Curated genome annotation of Oryza sativa ssp. japonica and comparative genome analysis with Arabidopsis thaliana.
Rice Annotation Project None., Itoh T., Tanaka T., Barrero RA., Yamasaki C., Fujii Y., Hilton PB., Antonio BA., Aono H., Apweiler R., Bruskiewich R., Bureau T., Burr F., Costa de Oliveira A., Fuks G., Habara T., Haberer G., Han B., Harada E., Hiraki AT., Hirochika H., Hoen D., Hokari H., Hosokawa S., Hsing Y-I., Ikawa H., Ikeo K., Imanishi T., Ito Y., Jaiswal P., Kanno M., Kawahara Y., Kawamura T., Kawashima H., Khurana JP., Kikuchi S., Komatsu S., Koyanagi KO., Kubooka H., Lieberherr D., Lin Y-C., Lonsdale D., Matsumoto T., Matsuya A., McCombie WR., Messing J., Miyao A., Mulder N., Nagamura Y., Nam J., Namiki N., Numa H., Nurimoto S., O'Donovan C., Ohyanagi H., Okido T., Oota S., Osato N., Palmer LE., Quetier F., Raghuvanshi S., Saichi N., Sakai H., Sakai Y., Sakata K., Sakurai T., Sato F., Sato Y., Schoof H., Seki M., Shibata M., Shimizu Y., Shinozaki K., Shinso Y., Singh NK., Smith-White B., Takeda J-I., Tanino M., Tatusova T., Thongjuea S., Todokoro F., Tsugane M., Tyagi AK., Vanavichit A., Wang A., Wing RA., Yamaguchi K., Yamamoto M., Yamamoto N., Yu Y., Zhang H., Zhao Q., Higo K., Burr B., Gojobori T., Sasaki T.
We present here the annotation of the complete genome of rice Oryza sativa L. ssp. japonica cultivar Nipponbare.

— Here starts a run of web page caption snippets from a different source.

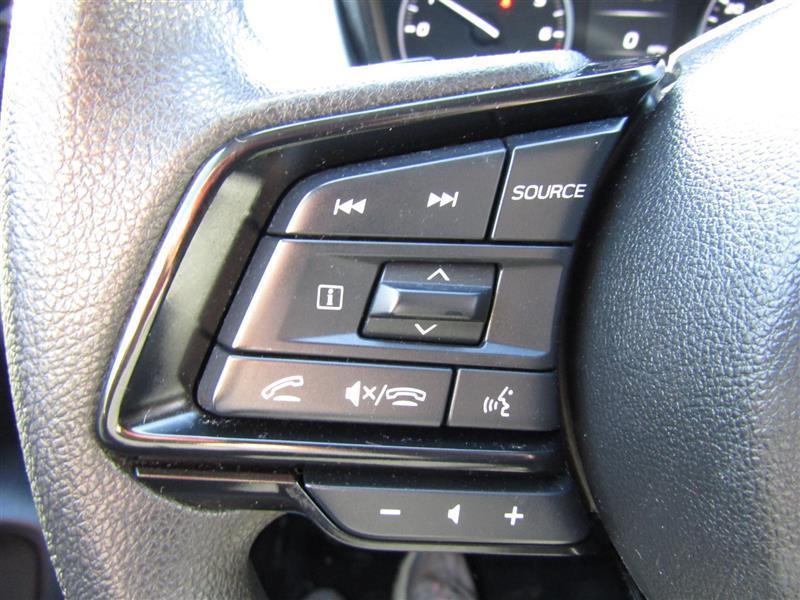 used 2024 Subaru Crosstrek car, priced at $23,500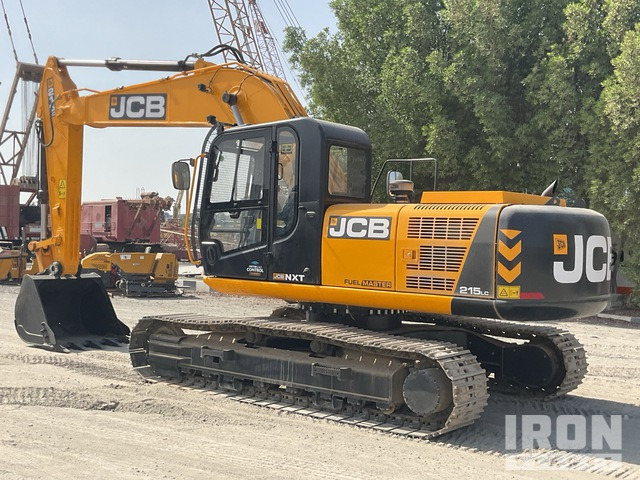 2025 JCB 215LC (Unused) Tracked Excavator - Excavadora de cadenas: foto 4 2025 JCB 215LC (Unused) Tracked Excavator - Excavadora de cadenas: foto 4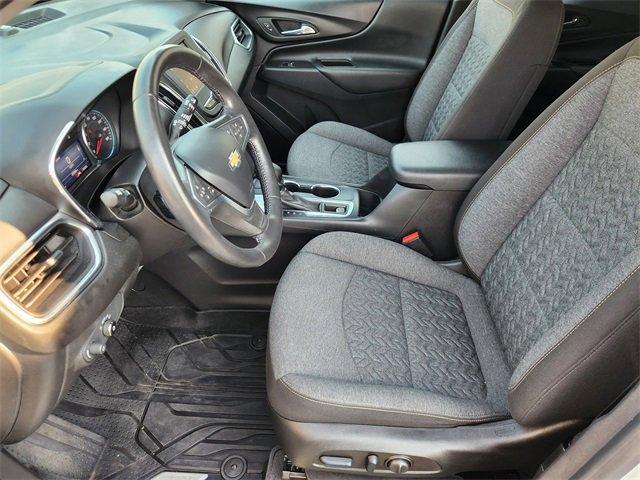 used 2022 Chevrolet Equinox car, priced at $20,482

All functional annotations for proteins and non-protein-coding RNA (npRNA) candidates were manually curated. Functions were identified or inferred in 19,969 (70%) of the proteins, and 131 possible npRNAs (including 58 antisense transcripts) were found. Almost 5000 annotated protein-coding genes were found to be disrupted in insertional mutant lines, which will accelerate future experimental validation of the annotations. The rice loci were determined by using cDNA sequences obtained from rice and other representative cereals. Our conservative estimate based on these loci and an extrapolation suggested that the gene number of rice is approximately 32,000, which is smaller than previous estimates. We conducted comparative analyses between rice and Arabidopsis thaliana and found that both genomes possessed several lineage-specific genes, which might account for the observed differences between these species, while they had similar sets of predicted functional domains among the protein sequences. A system to control translational efficiency seems to be conserved across large evolutionary distances. Moreover, the evolutionary process of protein-coding genes was examined. Our results suggest that natural selection may have played a role for duplicated genes in both species, so that duplication was suppressed or favored in a manner that depended on the function of a gene.